Meine Damen und Herren, wir leben heute in der Zukunft von gestern - auch das als Brücke -, also von dem, was in den letzten fünf Jahren gewesen ist, und von dem, was in den nächsten fünf Jahren sein wird. Wir haben diesem Koalitionsvertrag eine Überschrift gegeben, die da lautet: Für die Zukunft unseres Landes solide wirtschaften, mutig gestalten, mehr investieren. Es ist eben angeklungen, dass uns mutiges Gestalten anscheinend nicht von jedem gleichermaßen zugetraut wird. Ich will an dieser Stelle einmal feststellen: Einfach über etwas zu reden, was heute nicht da ist, was man sich aber vielleicht gewünscht hätte, ist nicht die größte Form von Mut, sondern Mut bedeutet, das anzunehmen, was man hat. Mut bedeutet, mit dem zu arbeiten, was man vorgefunden hat, und mutig ist es, sich der Realität zu stellen. Ich hätte auch genug Zeit gehabt, ein weiteres Zitat dieses offensichtlich wichtigen griechischen Philosophen hinzuzufügen, ich will mich aber auf etwas anderes beschränken, auch wenn es vielleicht nicht ganz so hochtrabend ist. Peer Steinbrück hat einmal gesagt: Hätte, hätte, Fahrradkette. Ich finde, meine Damen und Herren, wir sollten uns nicht um „Hätte, hätte, Fahrradkette“ kümmern, sondern um das, was ist. Das ist unser Auftrag, das ist die Aufgabe, die diese Landesregierung mit den sie tragenden Fraktionen in den nächsten fünf Jahren erledigen wird.
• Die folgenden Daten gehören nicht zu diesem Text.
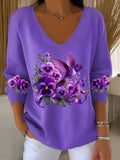 Women's Casual Alzheimer's Awareness Purple Hummingbird Print Long Sleeve T-Shirt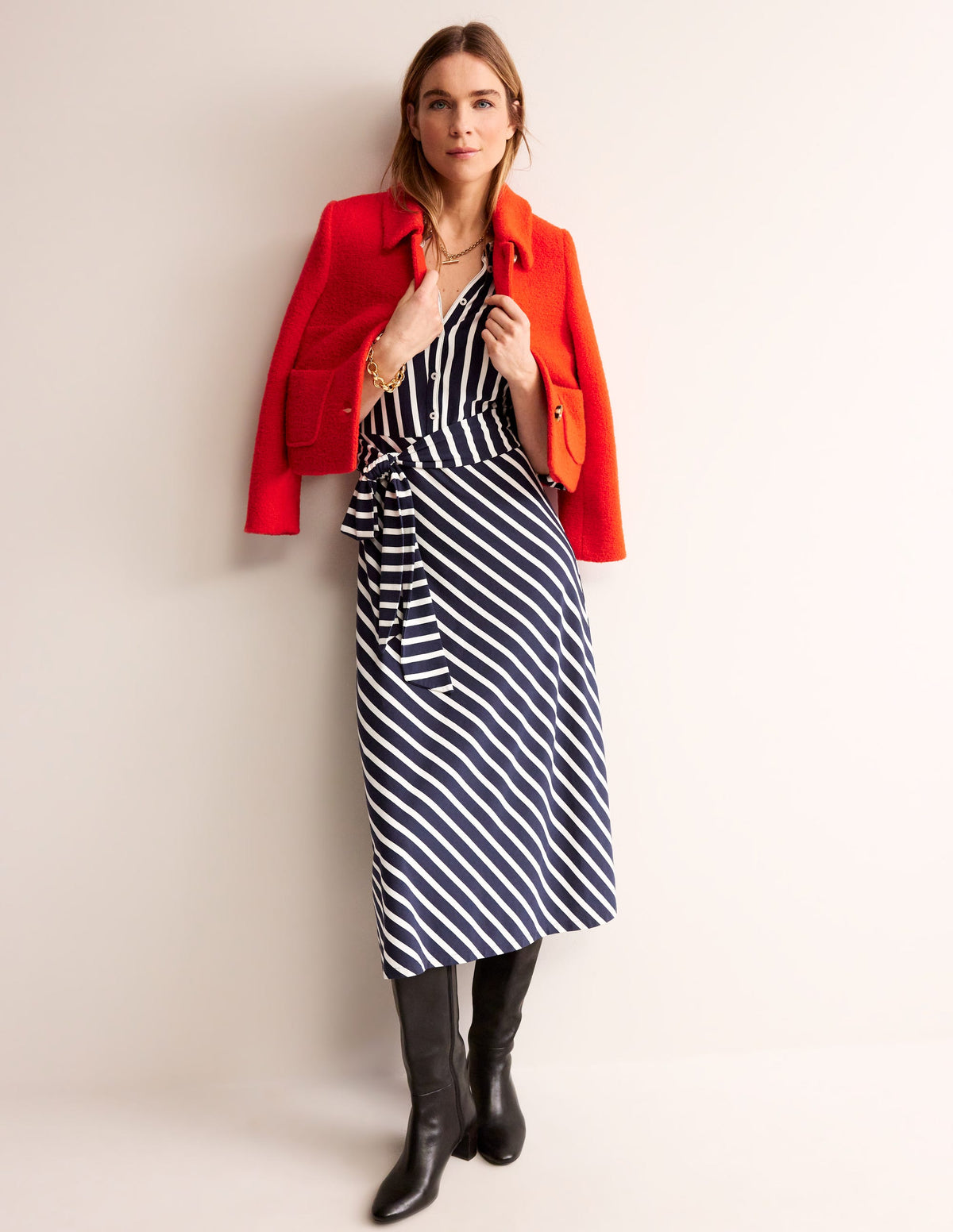 Robe-chemise midi Laura en jersey-Bleu marine foncé, rayé ivoire-4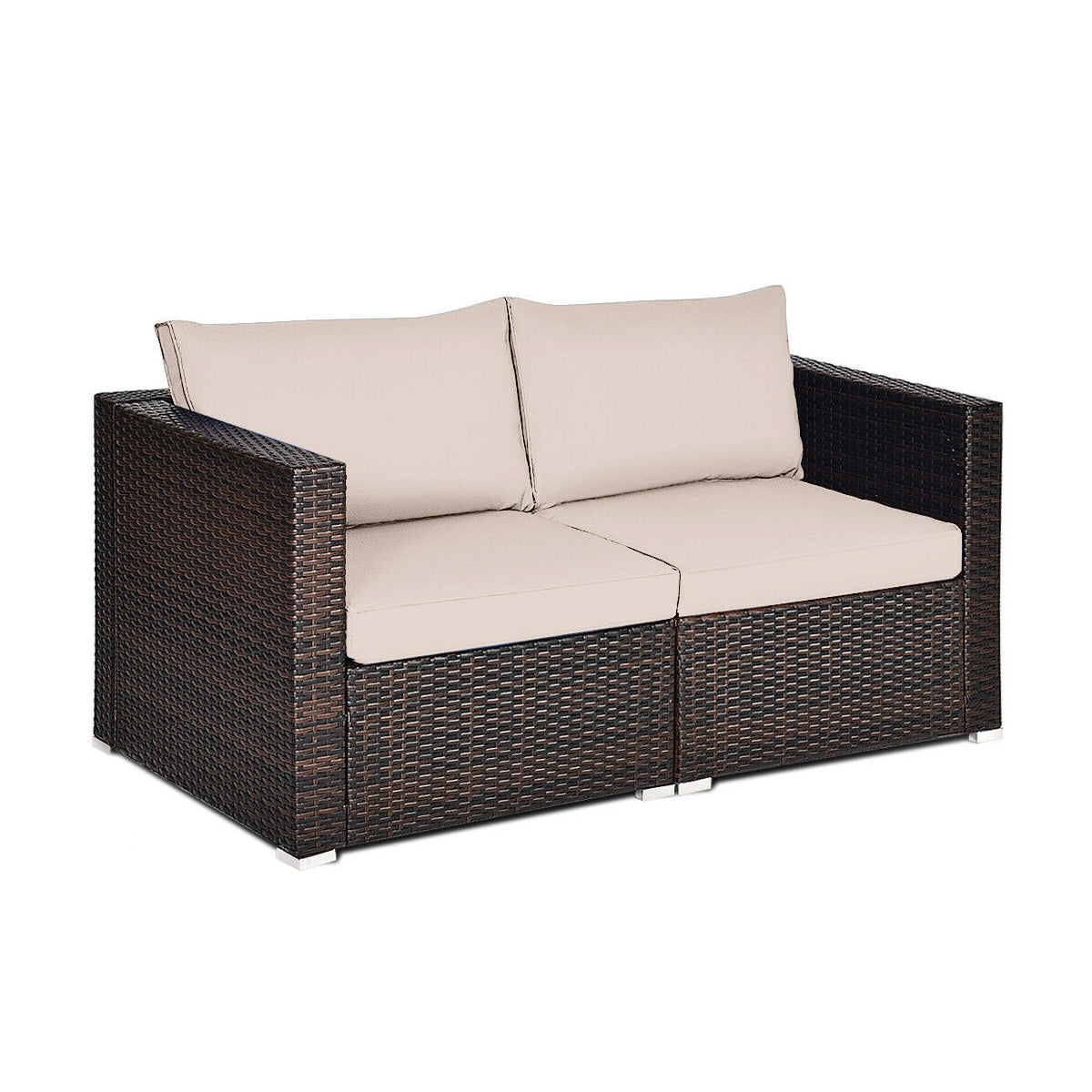 2PCS Patio Rattan Sectional Conversation Sofa Set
(Beifall bei den Regierungsfraktionen.)

Ich will auch betonen, dass es unser ausdrücklicher Anspruch als Landesregierung ist, das für alle Saarländerinnen und Saarländer zu tun. Man könnte vielleicht der Versuchung erliegen - bei dieser großen Zustimmung für die Große Koalition, die vor der Wahl in Umfragen ja zum Ausdruck gebracht worden ist -, einfach zu sagen: Es ist ja alles in Ordnung, zumindest für den ganz überwiegenden Teil der Saarländerinnen und Saarländer, und um die anderen kümmern wir uns auch noch irgendwie, aber erst einmal kümmern wir uns um das, was in Ordnung ist, und loben uns kräftig dafür und freuen uns jeden Tag aufs Neue. - Ich glaube, damit würden wir dem Wählerauftrag am wenigsten gerecht.

(Abg. Pauluhn (SPD) )

Denn sicher geht es darum, das zu tun, was notwendig ist, damit es allen, denen es heute gut geht, auch in Zukunft gut gehen wird. Aber vornehme Aufgabe ist es natürlich auch, an die zu denken, denen es heute nicht gut geht oder die Angst haben, dass es ihnen morgen nicht mehr gut gehen könnte, und entsprechende Rahmenbedingungen zu schaffen, damit das entweder nicht eintritt oder sich ihre Situation zum Guten hin verbessert.

Es geht also darum, nicht nur da zu sein für diejenigen, die uns schon gut fanden und die uns gewählt haben. Ehrlich gesagt geht es vor allem darum, auch für die da zu sein, die uns nicht gewählt haben. Die sind nämlich offensichtlich mit etwas nicht zufrieden in ihrem Leben. Ich finde, da müssen wir Abhilfe schaffen. Das geht natürlich am besten, indem wir in erster Linie dafür sorgen, dass die gute wirtschaftliche Lage in Deutschland und im Saarland stabil bleibt. Ich will mich nicht auf Nachkommastellen einlassen, aber wir müssen schon feststellen, dass es vielen auch in diesem Land sehr gut geht. Politik kann aber immer nur zum Erfolg führen, wenn sie mit dem notwendigen Maß an sozialer Gerechtigkeit und sozialer Teilhabe einhergeht, und das nicht nur für die meisten, sondern am besten für alle. Und da sollten wir uns nicht nur von den guten Meldungen zufriedenstellen lassen, die uns Mut machen und die uns bestätigen in diesem Weg, sondern sie sollten Ansporn sein für mehr. Wir sollten nicht nur die guten Geschichten in diesem Land erzählen. Ja, die sollen wir auch erzählen, denn sonst erzählen wir von einem Land, das ein Bild abgibt, in dem die meisten gar nicht leben. Aber wir dürfen eben auch die anderen Anteile nicht ausblenden.